Ich berichtete in Fulda von einer Wanderung im Juni 2013. Irgendwann war mir der Gedanke gekommen, die Aussiedlung 1946 zurückzuwandern. Meine Mutter und ich waren in einem Transport, der April 1946 von Prachatitz im Böhmerwald, der Heimat von so unterschiedlichen Personen wie Johannes Nepomuk Neumann, des ersten Heiligen und Bürgers der Vereinigten Staaten und Mutter Courage, in den Landkreis Marburg gekommen. Die Umstände hatten dazu geführt, dass wir hier geblieben sind. Amöneburg, wo ich jetzt wohne, ist keine zwanzig Kilometer vom kleinen Dörfchen Ronhausen entfernt, wo ich die ersten sechs Jahre in Hessen verlebte. Die Kleinstadt Amöneburg auf der Spitze eines Basaltkegels inmitten einer Ebene ist nach den Orten der „römischen“ Zeit in fränkischer Zeit nach Arnstadt in Thüringen, Würzburg und Hammelburg der viertälteste namentlich erwähnte Ort (721) im heutigen Deutschland.

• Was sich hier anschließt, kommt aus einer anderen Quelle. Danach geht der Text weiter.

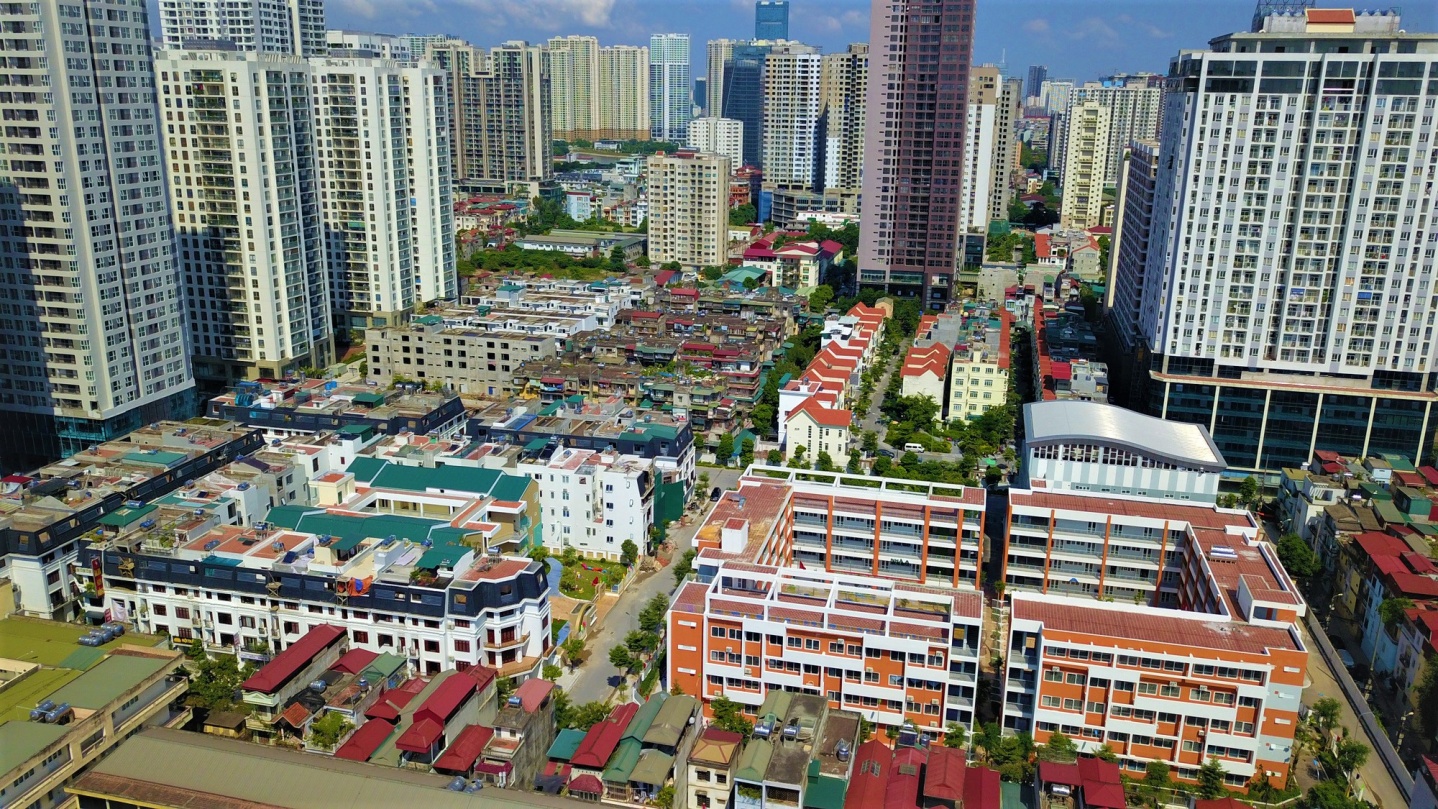 Người mua nhà dè dặt trước "bẫy" lãi suất thả nổi- Ảnh 1. C:\Users\ASUS\Desktop\báo xây dựng\Ảnh\dji0160-1608213014279150197611.jpg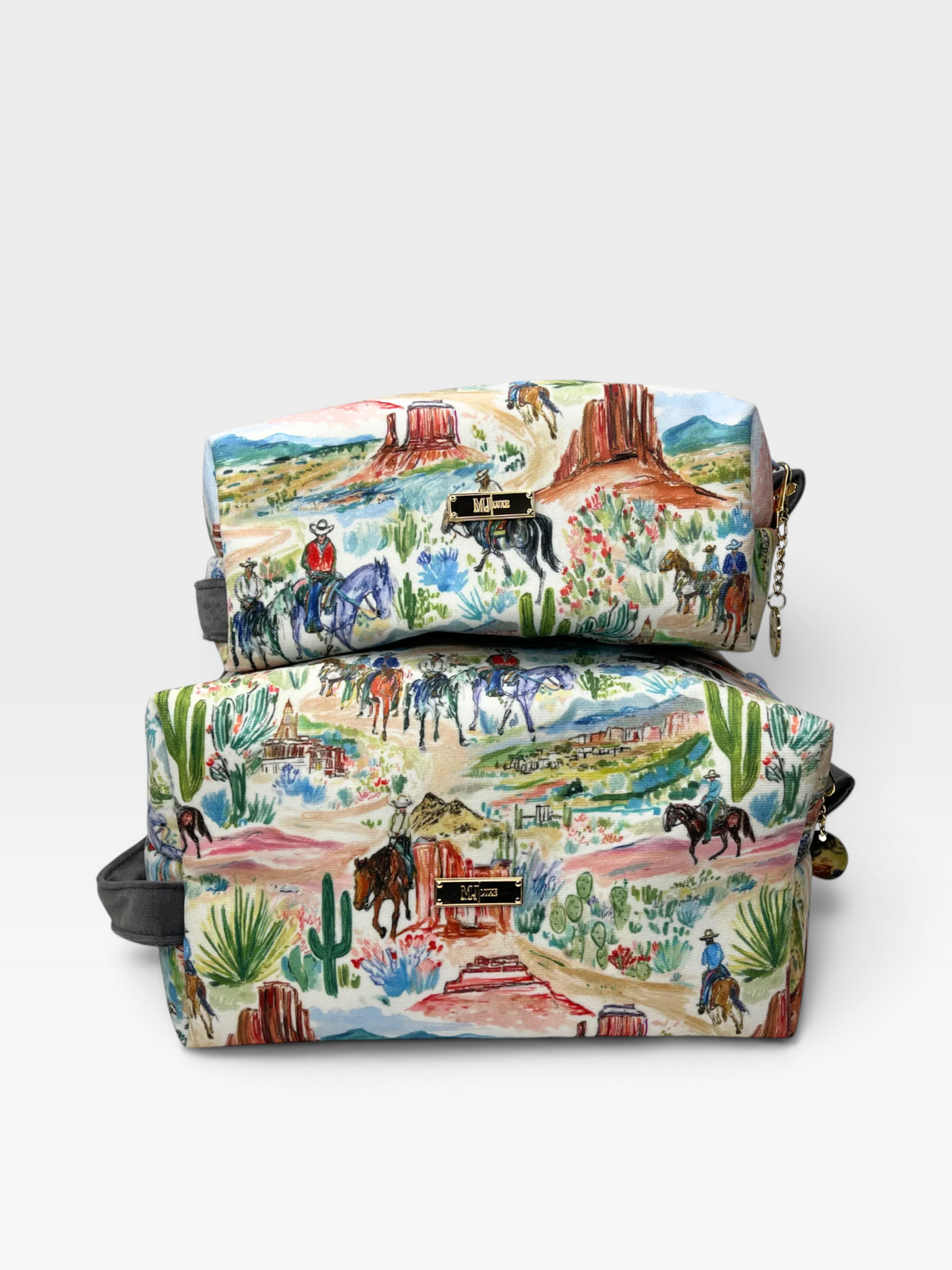 Laredo Bobbie Bags by Makeup Junkie (Ships in 3-4 Weeks)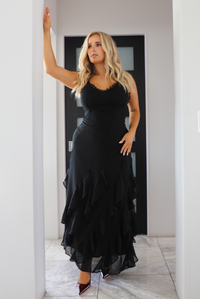 Evening Pour Maxi Dress: Black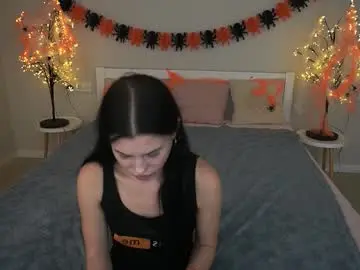 Skybrie  live sex cam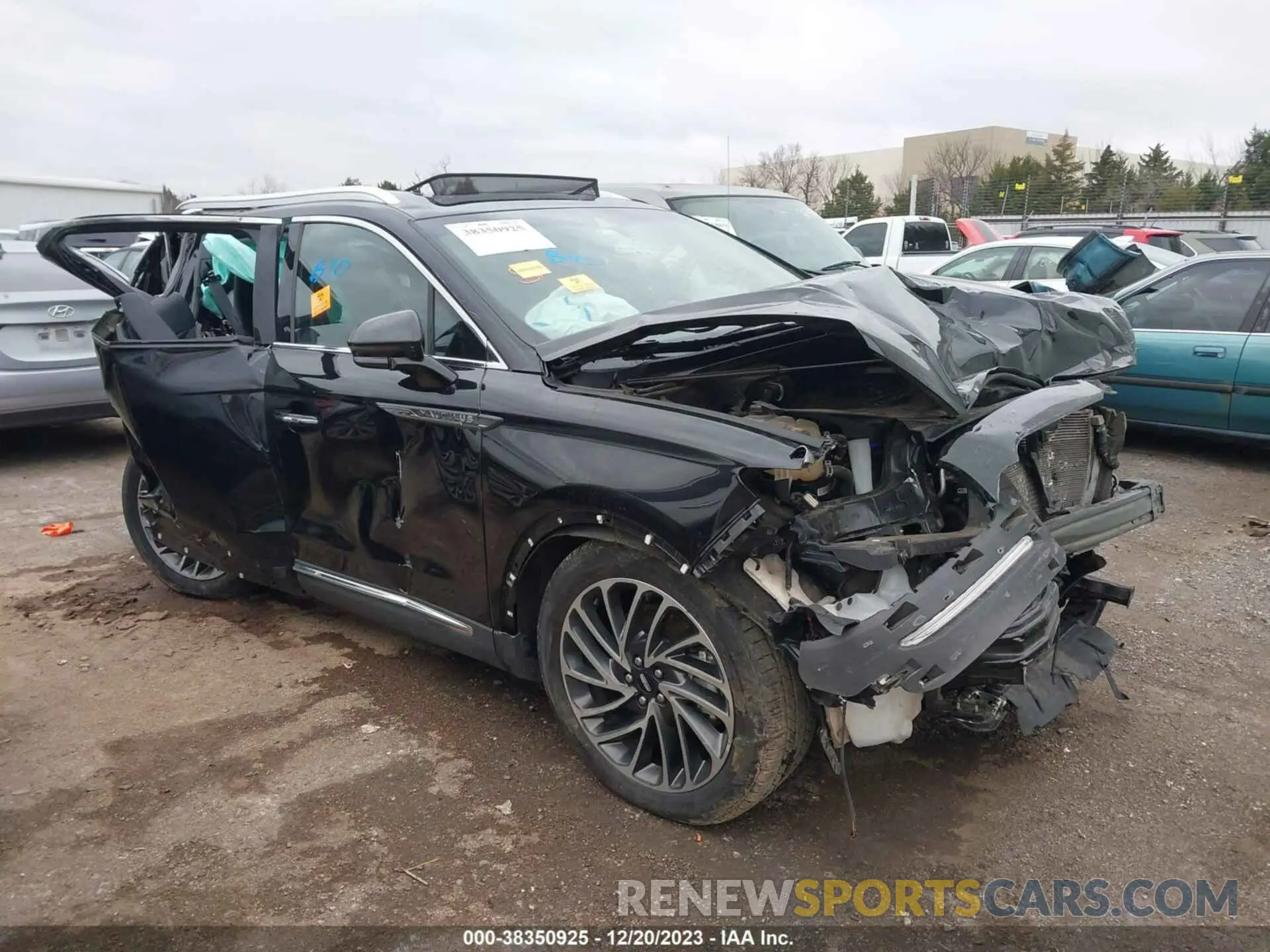 1 fotografías del automóvil dañado 2LMPJ6L97KBL28767 LINCOLN NAUTILUS 2019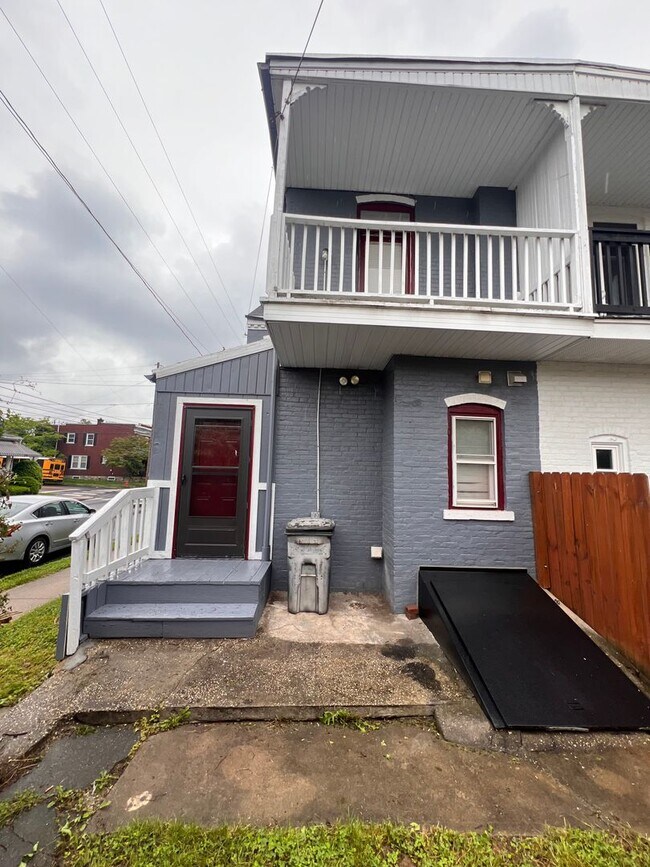 Building Photo - 4 bedroom 1.5 Home Available For Rent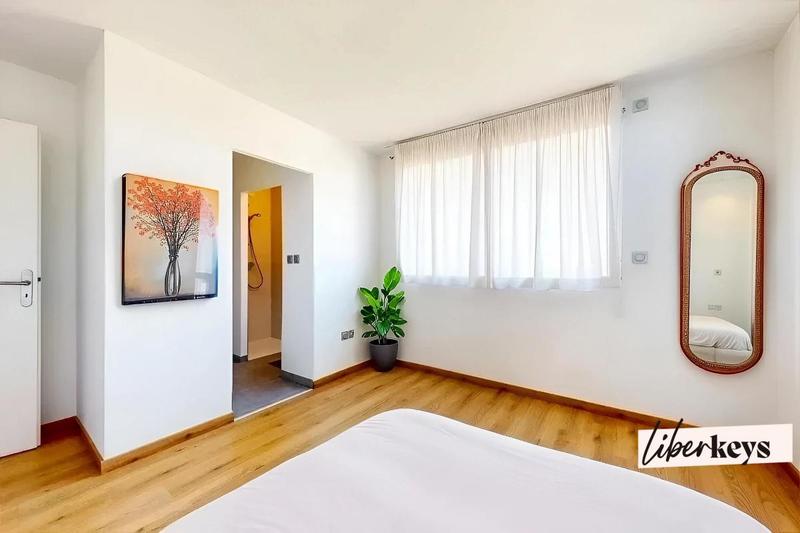 Duplex - 104 m² - 5 pièces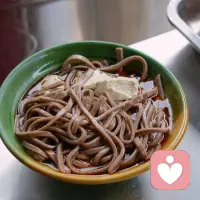 今天的治愈，来自这碗朴素的荞面豆花。
深褐的面，嫩白的豆花，红油的香气漫上来。
就像有些情绪，不用急着理清，不用强迫自己立刻“好起来”。
慢慢来，总有一碗热食，能接住你此刻的不安。配图
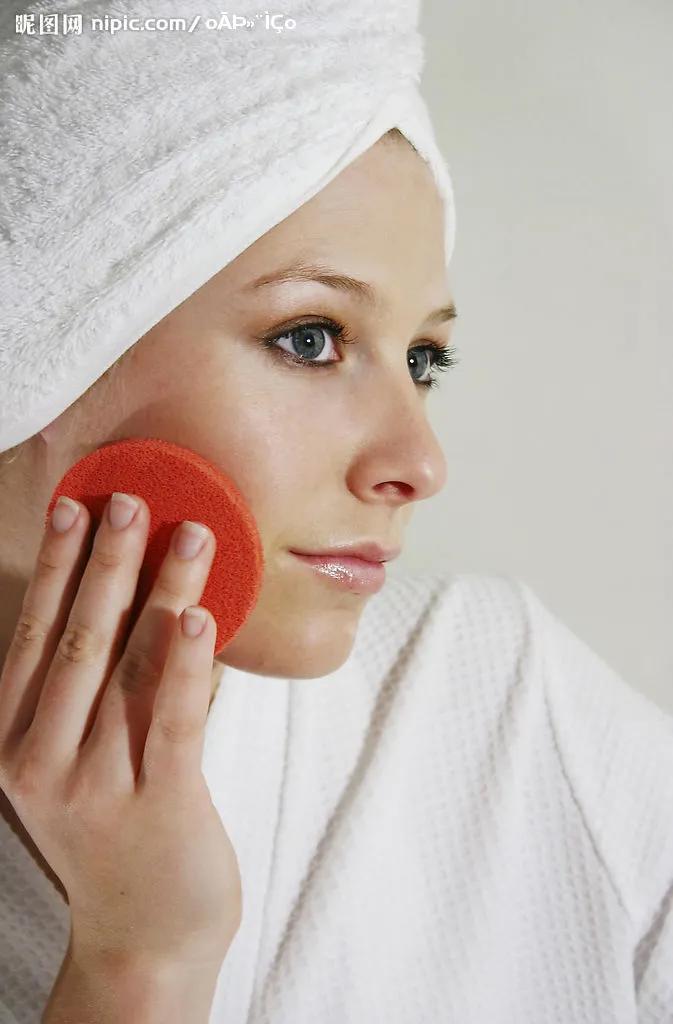 化妆很容易出细纹,长痘痘化妆卡粉斑驳怎么补救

Ich zog eine Luftlinie von Amöneburg nach Prachatitz und notierte mir größere Orte in der Nähe dieser Linie, wie Bayreuth (Prachatitz war nach dem Münchner Abkommen dem „Gau Bayreuth“ angeschlossen worden), Weiden in der Oberpfalz und Fulda. Ich wollte mir während der Wanderung Karten im Maßstab 1:50 000 besorgen und mir in Anlehnung an die Hauptorte dann eine konkrete Route suchen oder eine Bahnstation für die Rückfahrt, falls die Umstände dazu rieten. Tatsächlich setzte nach dem ersten Tag ein Dauerregen ein, der am 29. Mai zu einem Abbruch führte. Aber damit bin ich der Geschichte schon etwas vorausgeeilt.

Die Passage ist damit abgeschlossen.